ICE Deportations at Record Lows

A new report by the Center for Immigration Studies shows that deportations by Immigration and Customs Enforcement are in fact at record lows, not the record highs claimed by Obama administration officials. This has occured because a shift in routine Border Patrol casework to ICE has allowed the latter to artificially increase deportation numbers.
The total number of deportations from interior enforcement, the only deportations traditionally counted in ICE's statistics, fell by 19% from 2011 to 2012. This number is on track to decline another 22% in 2013. When the administration claims it deports a record number of illegal aliens, it appears to only count removals, which is only one form of deportation, and a partial measure of enforcement.
"It was astounding to discover that ICE has been arresting and removing so few illegal aliens from inside the country, considering that they have better tools and more resources at their disposal than ever before, and considering that there is an abundance of criminal aliens and illegal workers who should be removed," said Jessica Vaughan, Director of Policy Studies for the Center. "They have used statistical smoke and mirrors to obscure the disastrous results of so-called prosecutorial discretion and other enforcement-suppressing policies. The next step in immigration reform should be to restore credibility to ICE's interior programs, especially including worksite enforcement and Secure Communities."
Despite completion of the Secure Communities program, criminal alien arrests have fallen 11% in the last year. ICE agents have refused to act when notified about the local or state arrest of hundreds of thousands of illegal aliens.
Total deportations are at their lowest number since 1973.
Here are the report's key findings:
- The number of deportations resulting from interior enforcement by ICE declined by 19 percent from 2011 to 2012, and is on track to decline another 22 percent in 2013.
- In 2012, the year the Obama administration claimed to break enforcement records, more than one-half of removals attributed to ICE were the result of Border Patrol arrests that would never have been counted as a removal in prior years. In 2008, under the Bush administration, only one-third of removals were from Border Patrol arrests.
- Total deportations in 2011, the latest year for which complete numbers are available, numbered 715,495 – the lowest level since 1973. The highest number of deportations on record was in 2000, under the Clinton administration, when 1,864,343 aliens were deported.
- When claiming record levels of enforcement, the Obama administration appears to count only removals, which are just one form of deportation, and only a partial measure of enforcement. Beginning in 2011, a shift of some of the routine Border Patrol case load to ICE enabled the administration to count an artificially high number of removals.
- Homeland Security Investigations (HSI), the division of ICE that is responsible for work site enforcement, combating transnational gangs, overstay enforcement, anti-smuggling and trafficking activity, and busting document and identity theft rings, now contributes very little to immigration enforcement. In 2013 HSI has produced only four percent of ICE deportations, making just a few thousand arrests per year throughout the entire country.

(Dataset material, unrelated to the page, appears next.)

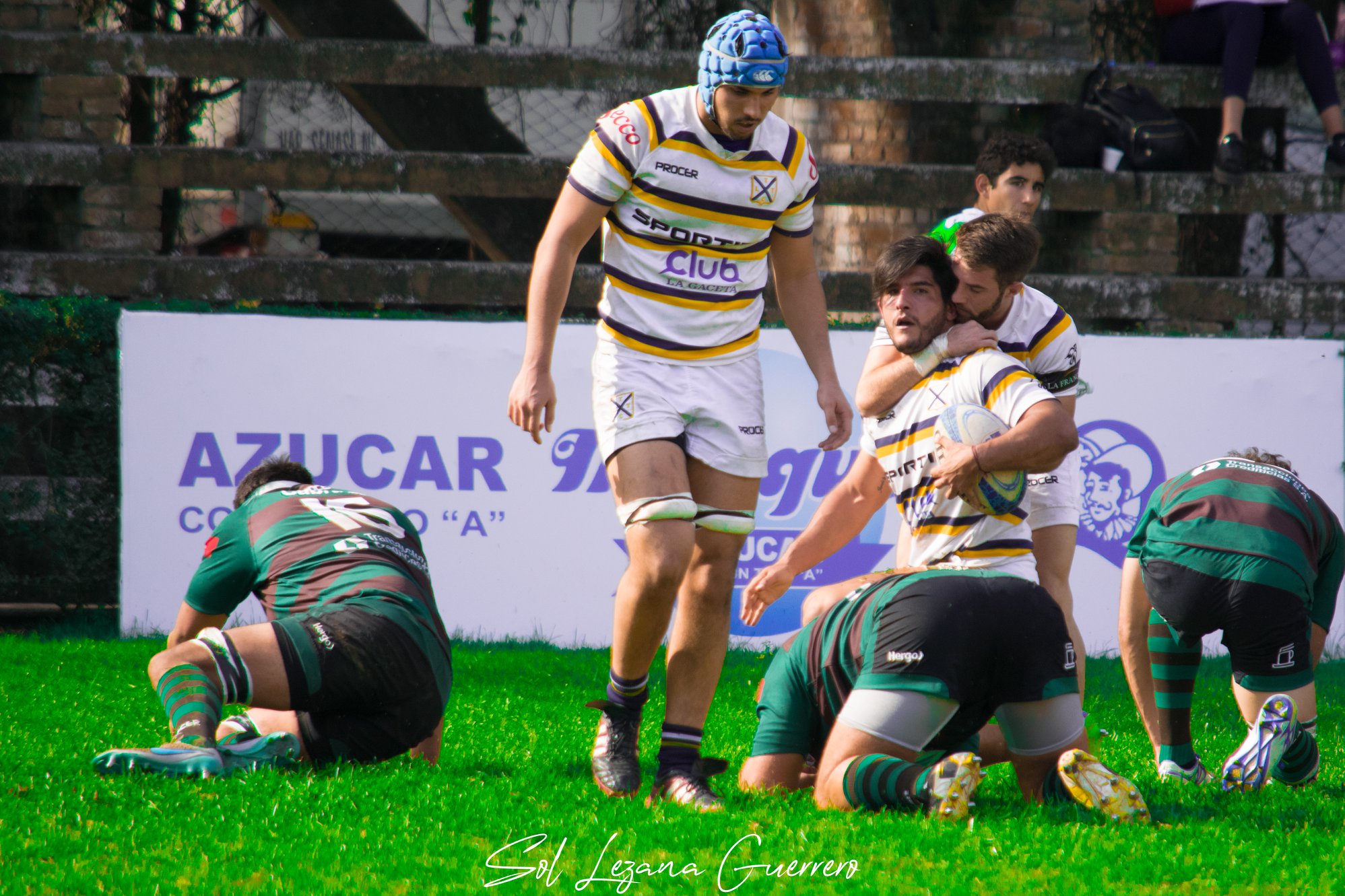  Tucumán Lawn Tennis Club - Club Mar del Plata Rugby - Rugby - UAR - Nacional de Clubes 2019 - Tucuman Lawn Tennis vs Mar del Plata Rugby (#UAR19NDCTLTMDP08) Photo by: Sandra Lezana Guerrero | Siuxy Sports 2019-08-18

- ICE is doing less enforcement with more resources. Despite reporting more encounters in 2013 than 2012, ICE agents pursued deportation of 20 percent fewer aliens this year than last.
- Enforcement activity declined in every ICE field office from 2011 to 2013, with the biggest declines in the Atlanta, Salt Lake City, Washington DC/Virginia, and Houston field offices.
- Criminal alien arrests declined by 11 percent from 2012 to 2013, despite the completion of the Secure Communities program, which generates more referrals of arrested aliens than ever before. ICE agents took a pass on hundreds of thousands of aliens who were arrested by local authorities in those years.
- ICE is carrying a case load of 1.8 million aliens who are either in removal proceedings or have already been ordered removed. Less than two percent are in detention, which is the only proven way to ensure departure.
- As of the end of July 2013 there were 872,000 aliens – nearly half of ICE’s total docket – who had been ordered removed but who had not left the country.
- The State Department continues to issue tens of thousands of visas annually to citizens of countries that refuse to take back their countrymen who are ordered removed from the United States. Many of these are violent criminals.